DESCRIPTION OF THE TASK: Only the lines from the one with "Седан Mercedes-Benz EQS 2022 в Киеве" through the end of the data below belong in the answer, restated word for word, pictures excluded.

GIVEN RECORDS:

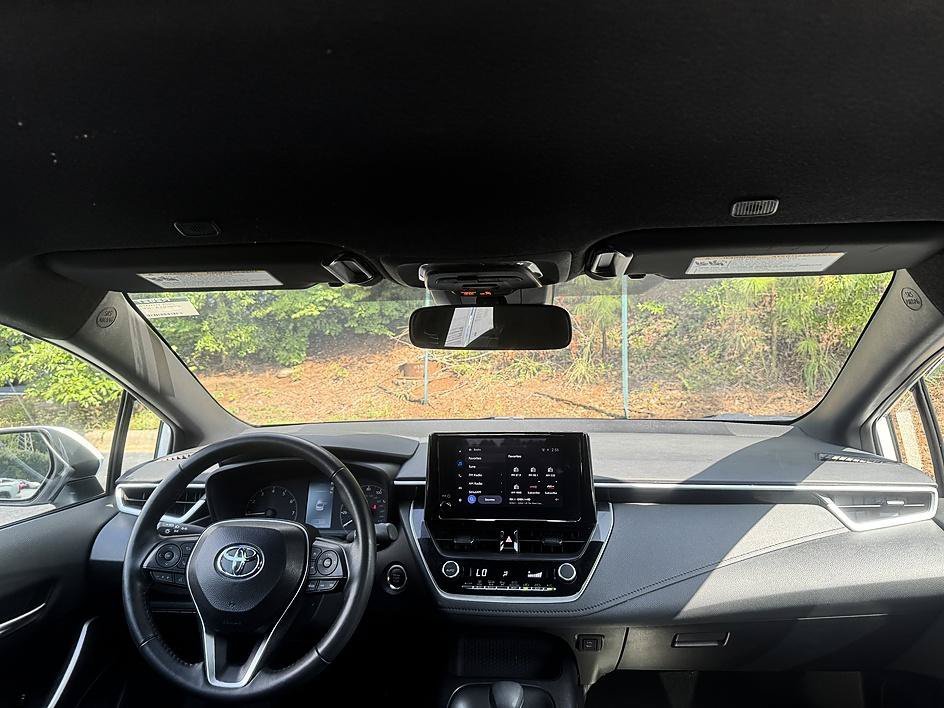Used 2025 Ice Toyota SE image 19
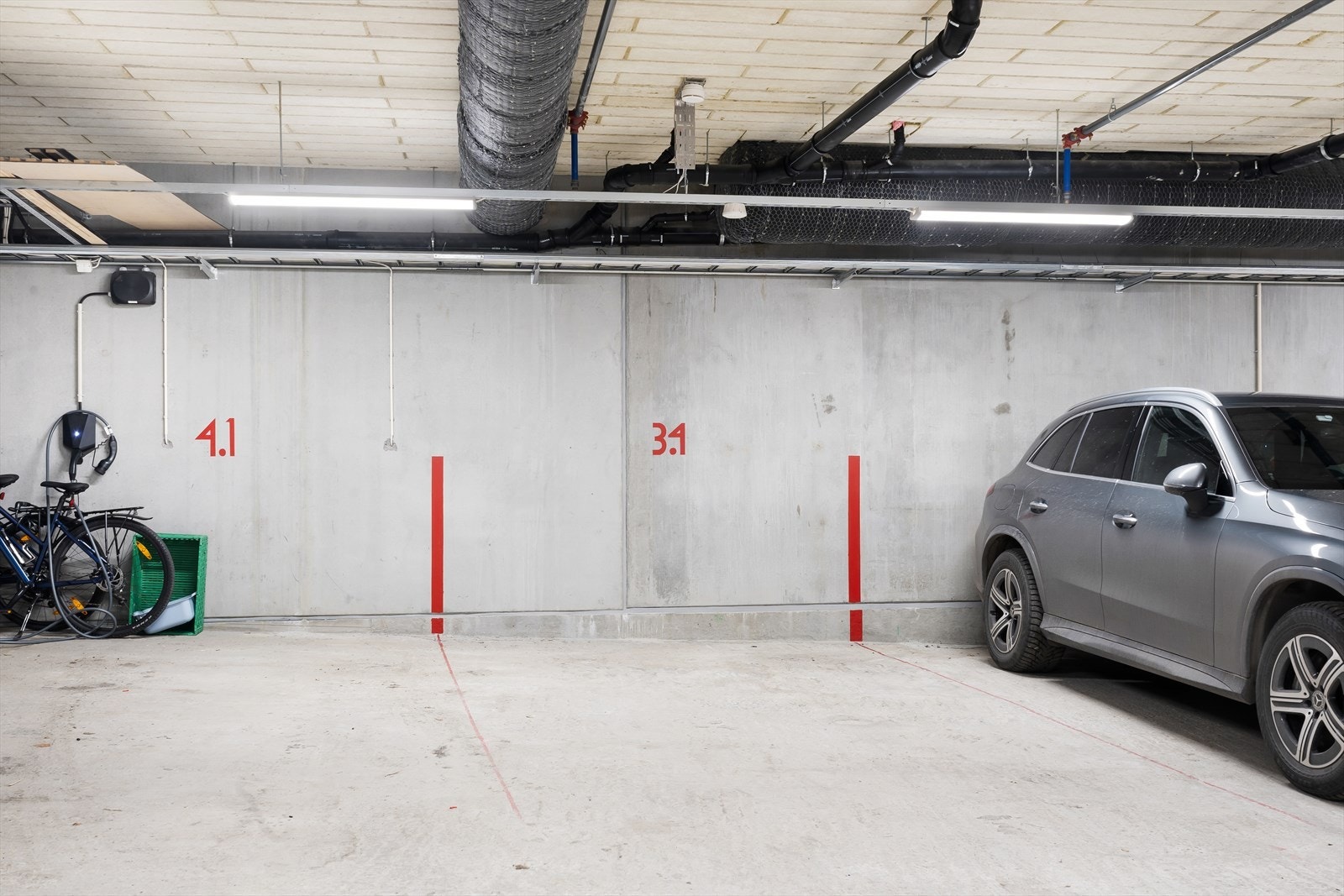 Boenheten disponerer egen parkeringsplass i felles parkeringskjeller. Adkomst skjer via garasjeport mot vest. Galleribilde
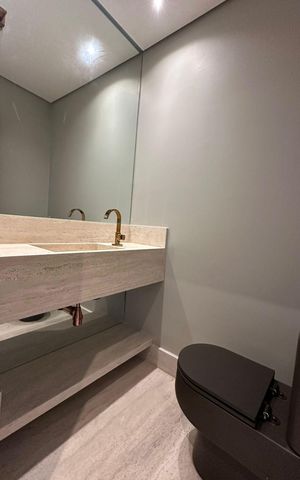 Apartamento à venda com 227m², 3 quartos e 4 vagas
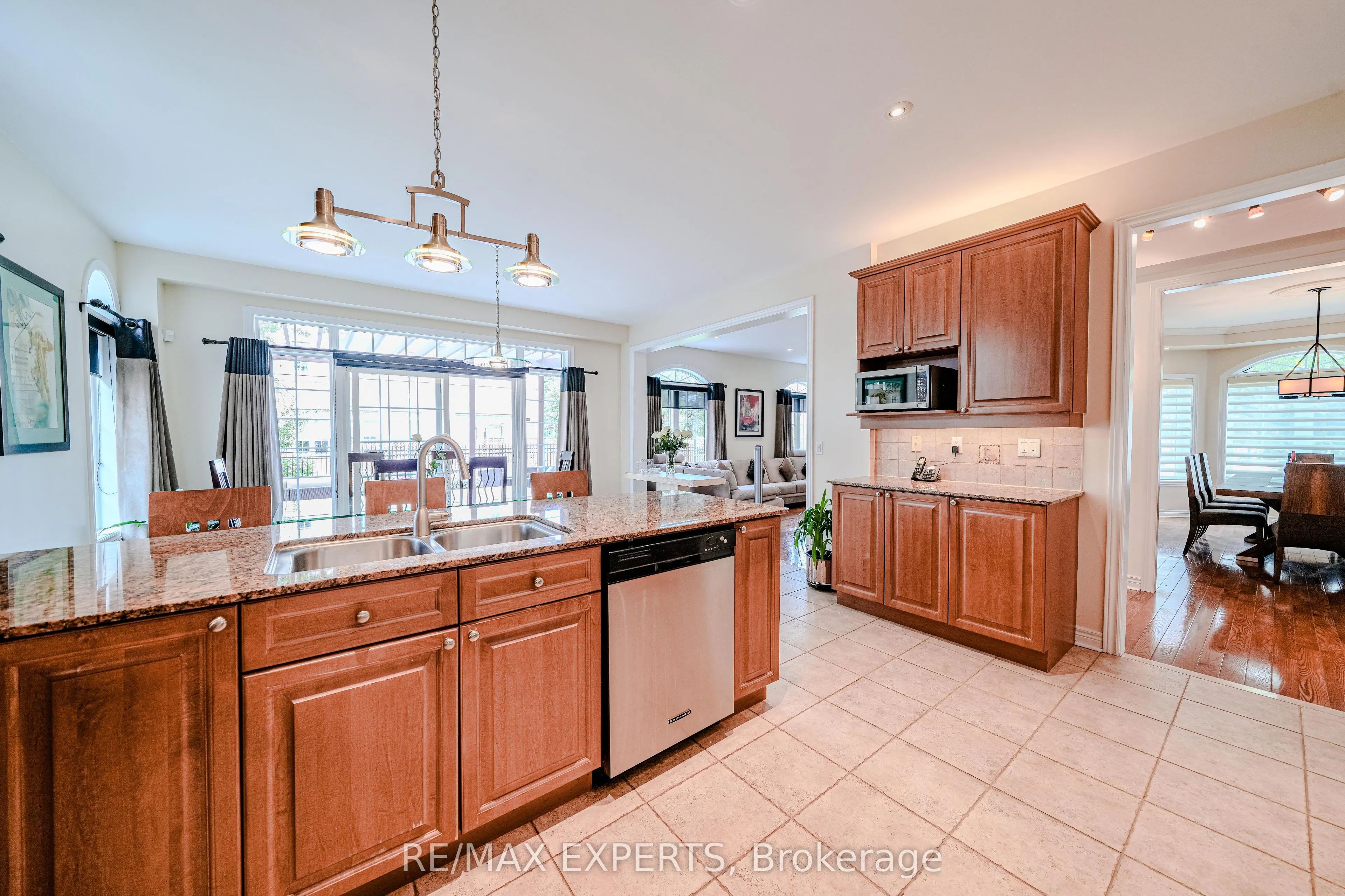 6 Elyssa Drive
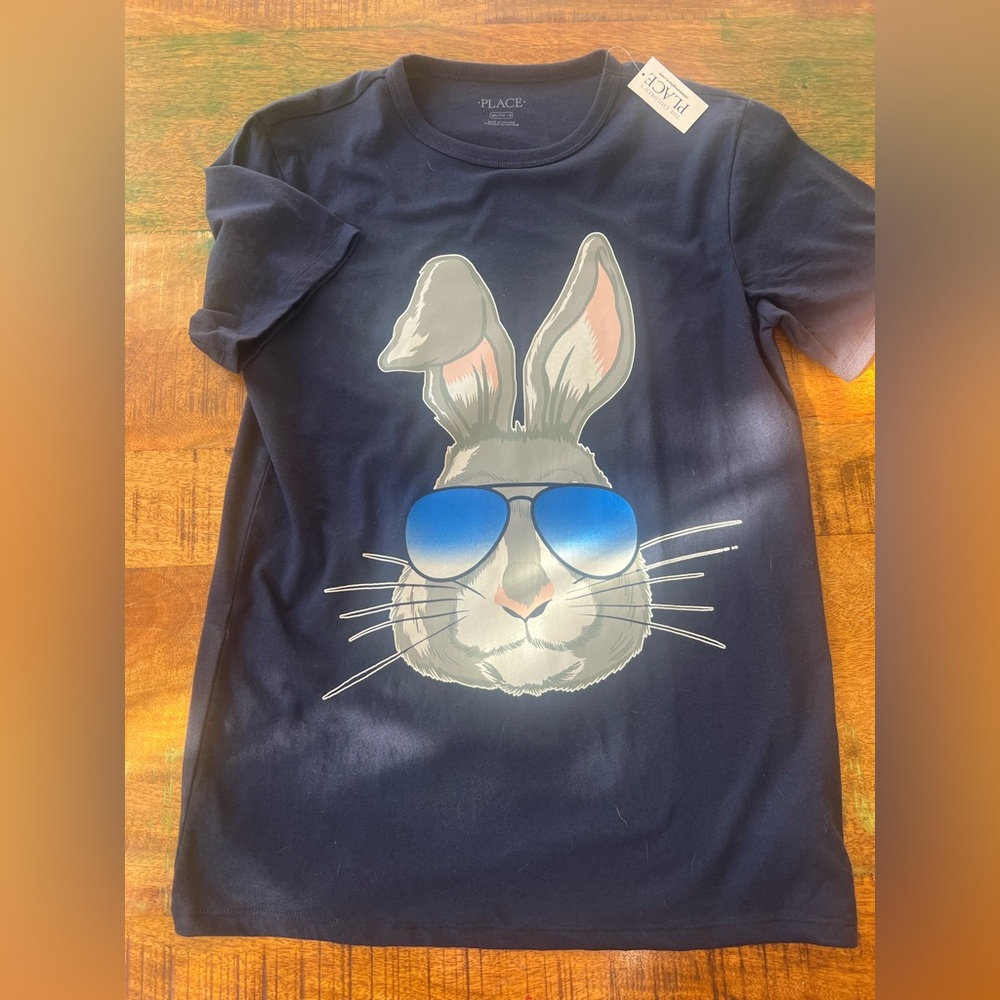 New Place Navy Tee with Bunny Graphic and Blue Sunglasses XXL (16)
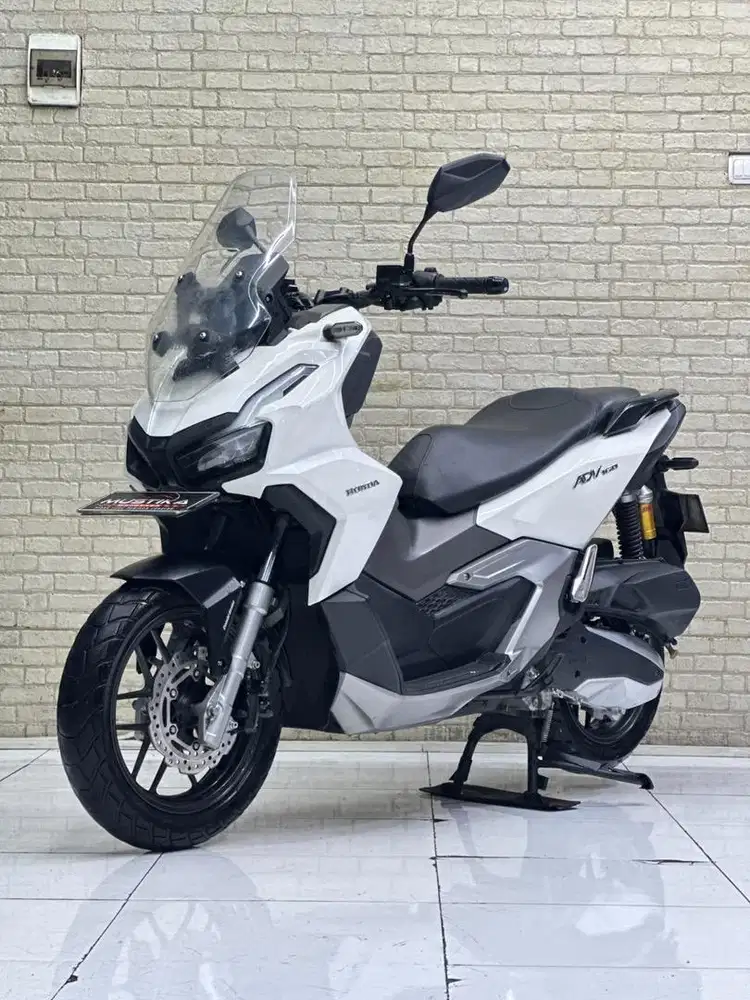 Honda ADV 160 CBS Tahun 2022 warna Favorit - Zaki Mustika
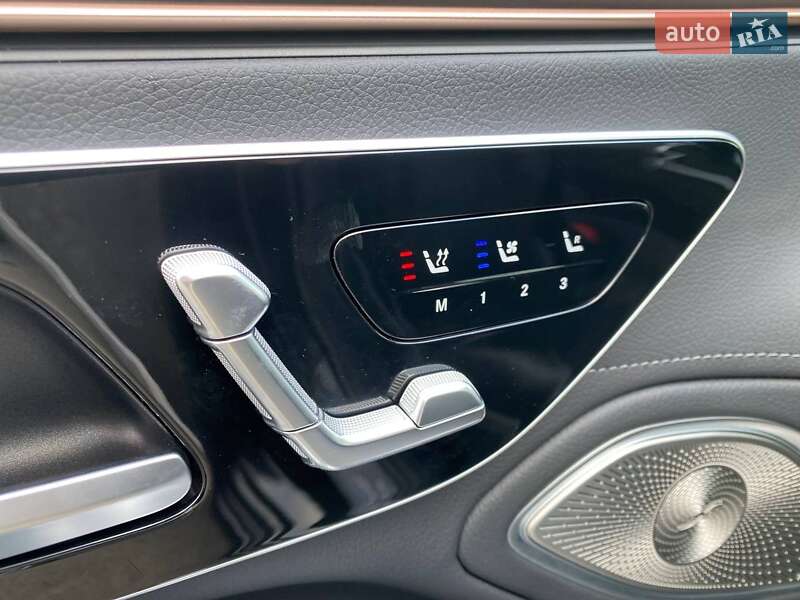 Седан Mercedes-Benz EQS 2022 в Киеве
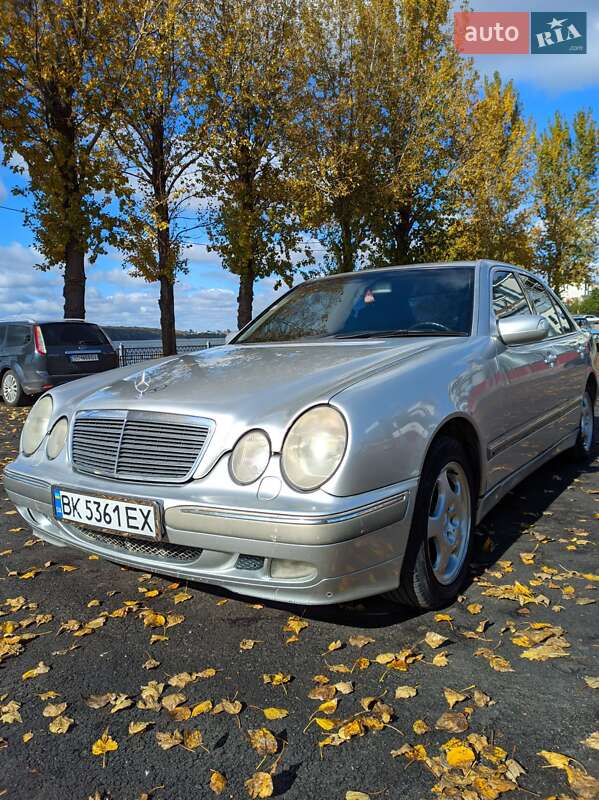 2000 mercedes-benz e-class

RESULT OF THE EXERCISE:
 Седан Mercedes-Benz EQS 2022 в Киеве
 2000 mercedes-benz e-class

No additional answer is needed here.